##### RECORDS TO PROCESS

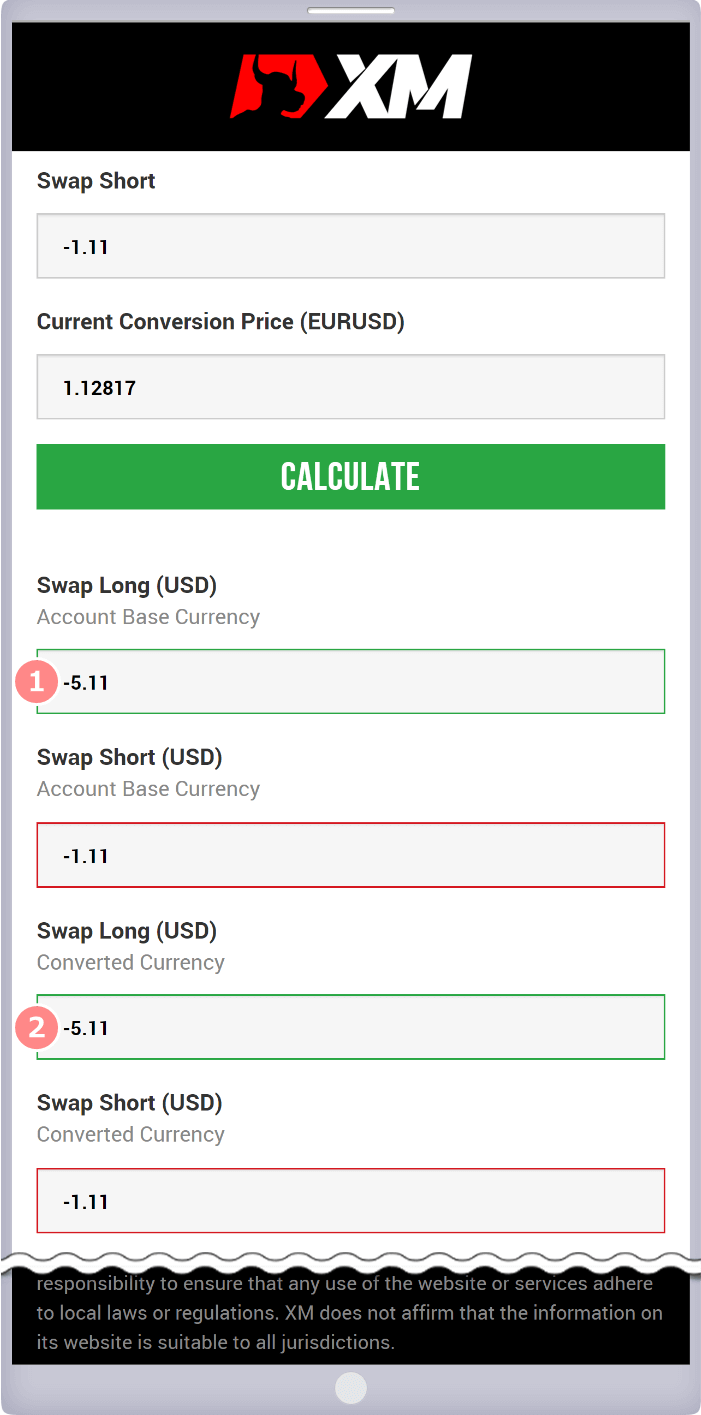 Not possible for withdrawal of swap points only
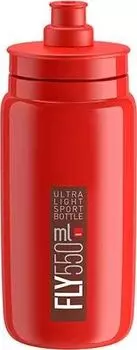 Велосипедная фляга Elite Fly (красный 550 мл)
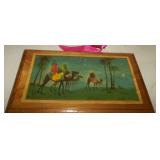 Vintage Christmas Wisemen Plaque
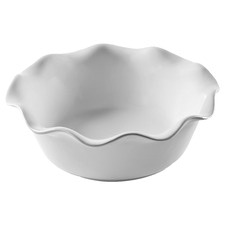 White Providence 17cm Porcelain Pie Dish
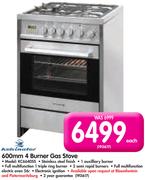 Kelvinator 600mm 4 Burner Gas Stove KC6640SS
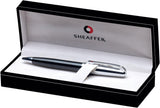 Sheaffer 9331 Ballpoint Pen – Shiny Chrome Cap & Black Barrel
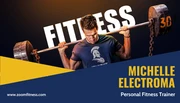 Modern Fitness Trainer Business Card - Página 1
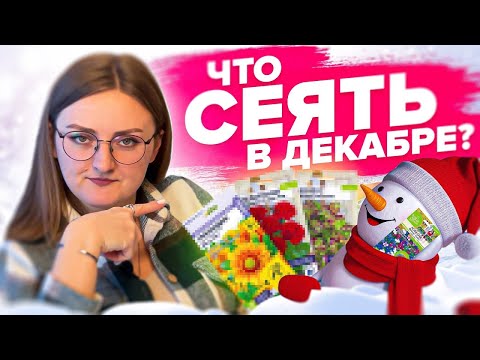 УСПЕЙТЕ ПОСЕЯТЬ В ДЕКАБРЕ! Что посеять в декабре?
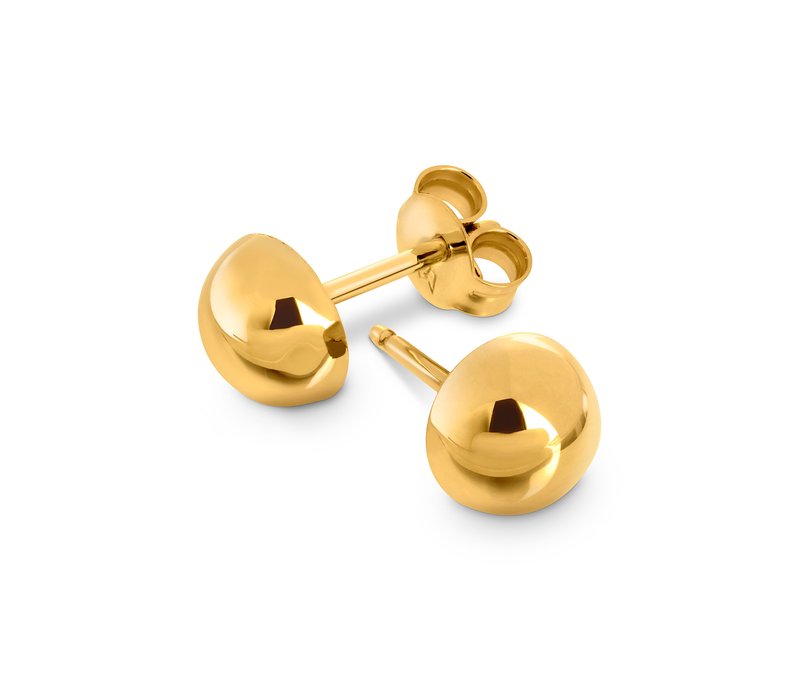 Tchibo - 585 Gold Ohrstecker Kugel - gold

##########

* **PROMPT**:
Take the line that holds "УСПЕЙТЕ ПОСЕЯТЬ В" as the start and the last line of the data as the end. Copy only those lines exactly, both ends included, except the pictures.

* **RESPONSE TO THIS TASK**:
 УСПЕЙТЕ ПОСЕЯТЬ В ДЕКАБРЕ! Что посеять в декабре?
 Tchibo - 585 Gold Ohrstecker Kugel - gold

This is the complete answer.